The day of the party, I took more antidepressants and antianxiety pills than usual. I'd become masterful at turning myself into some automated version of myself in public, stripped of feeling, able to smile and function. I knew my ever-smiling Alyson would want everyone happy at her party-including me-so I put on my best false front and danced to the music. Alyson's sweet friends gathered around me and we all danced together, with arms swinging and bodies moving. My animation gave them permission to have fun, too.

Alyson would have liked the party. She would have been proud of me.

Warren, though, was responsible for the most memorable moment of the night. Just as the party was beginning, he stepped to the dance floor and took the microphone.

"Thank you all for coming," he said to the gathering crowd. "Before this party starts, I'd like to take this moment to dance with my wife."

I didn't quite know what he had planned, but he guided me gently toward the dance floor and put his arms around me. He had arranged that the first song the DJ played would be Michael Buble's touching and emotional "Hold On." All the guests gathered around, swaying to the music and overcome by the words that seemed written just for us.

Didn't they always say we were the lucky ones?

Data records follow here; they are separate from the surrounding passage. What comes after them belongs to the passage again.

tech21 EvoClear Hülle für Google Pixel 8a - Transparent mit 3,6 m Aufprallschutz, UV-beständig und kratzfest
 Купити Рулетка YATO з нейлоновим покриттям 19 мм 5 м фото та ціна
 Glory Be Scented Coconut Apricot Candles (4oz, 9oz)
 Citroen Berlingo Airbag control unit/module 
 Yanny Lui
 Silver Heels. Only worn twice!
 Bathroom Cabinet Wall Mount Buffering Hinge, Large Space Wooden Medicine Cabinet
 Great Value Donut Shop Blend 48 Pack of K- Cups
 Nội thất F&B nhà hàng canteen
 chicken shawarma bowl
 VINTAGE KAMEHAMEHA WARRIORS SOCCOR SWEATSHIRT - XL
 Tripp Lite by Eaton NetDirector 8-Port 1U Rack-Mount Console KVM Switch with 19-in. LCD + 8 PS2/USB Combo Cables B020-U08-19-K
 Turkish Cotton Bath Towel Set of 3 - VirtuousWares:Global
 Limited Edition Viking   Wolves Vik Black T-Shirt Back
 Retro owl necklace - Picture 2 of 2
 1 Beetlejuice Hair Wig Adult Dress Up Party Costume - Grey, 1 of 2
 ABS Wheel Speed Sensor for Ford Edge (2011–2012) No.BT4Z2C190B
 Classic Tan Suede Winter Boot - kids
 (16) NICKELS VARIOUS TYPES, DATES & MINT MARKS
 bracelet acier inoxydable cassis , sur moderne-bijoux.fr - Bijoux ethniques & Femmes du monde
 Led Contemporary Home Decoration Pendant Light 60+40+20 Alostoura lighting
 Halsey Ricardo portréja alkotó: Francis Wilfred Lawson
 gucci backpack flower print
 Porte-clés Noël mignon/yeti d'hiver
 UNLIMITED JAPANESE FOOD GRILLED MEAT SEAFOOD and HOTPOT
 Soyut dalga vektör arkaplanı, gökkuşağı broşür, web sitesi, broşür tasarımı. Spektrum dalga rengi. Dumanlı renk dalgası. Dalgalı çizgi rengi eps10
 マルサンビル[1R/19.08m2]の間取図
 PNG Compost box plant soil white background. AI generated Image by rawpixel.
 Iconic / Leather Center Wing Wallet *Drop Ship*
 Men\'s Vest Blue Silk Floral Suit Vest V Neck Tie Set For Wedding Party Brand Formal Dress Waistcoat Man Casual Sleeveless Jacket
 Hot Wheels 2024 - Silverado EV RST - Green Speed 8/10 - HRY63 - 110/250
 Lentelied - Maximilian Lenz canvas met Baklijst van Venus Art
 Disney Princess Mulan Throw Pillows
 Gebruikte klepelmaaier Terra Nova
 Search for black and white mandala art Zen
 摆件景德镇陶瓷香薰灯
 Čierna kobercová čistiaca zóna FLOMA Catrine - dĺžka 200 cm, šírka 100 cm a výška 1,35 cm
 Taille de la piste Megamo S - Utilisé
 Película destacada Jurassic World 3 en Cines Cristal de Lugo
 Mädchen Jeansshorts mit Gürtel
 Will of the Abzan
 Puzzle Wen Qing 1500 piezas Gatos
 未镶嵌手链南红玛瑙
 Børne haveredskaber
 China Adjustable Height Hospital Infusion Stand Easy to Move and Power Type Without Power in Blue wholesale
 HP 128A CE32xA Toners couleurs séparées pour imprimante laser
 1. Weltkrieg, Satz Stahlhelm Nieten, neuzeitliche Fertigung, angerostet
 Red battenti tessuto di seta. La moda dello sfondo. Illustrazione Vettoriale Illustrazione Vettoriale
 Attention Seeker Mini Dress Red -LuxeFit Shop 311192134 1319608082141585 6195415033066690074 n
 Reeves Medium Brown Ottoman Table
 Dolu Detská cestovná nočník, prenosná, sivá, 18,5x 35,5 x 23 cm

I guess that we were once,

Babe, we were once.

But luck will leave you 'cause

It is a faithless friend ...

As Buble's mellow, romantic voice filled the room, I leaned my head on Warren's shoulder and held him tightly. All around me, I saw our friends weeping, but I disengaged myself from the moment and refused to cry. I didn't want to hear the lyrics about how once we'd been so lucky and now life had turned. If I managed to hold myself together through this song, then I'd be okay for the whole party-and I could go home later and collapse in private.

And in the end, when life has got you down,

You've got someone here that you can wrap your arms around.

So hold on to me tight ...

We are stronger here together,

Than we could ever be alone.

I let the music wash over me, knowing that if I looked into Warren's eyes, we would both dissolve. Like Sinatra, Buble has a crooning, worldy-wise style, and Warren had chosen the song carefully. However much we had been fighting, however much our anger and grief threatened to incinerate our marriage and destroy us, he wanted me to believe in him. Most of our guests must have agreed with Buble that even though life had gotten us down, we were stronger together than apart. Because as Warren and I clung to each other, there wasn't a dry eye in the crowd.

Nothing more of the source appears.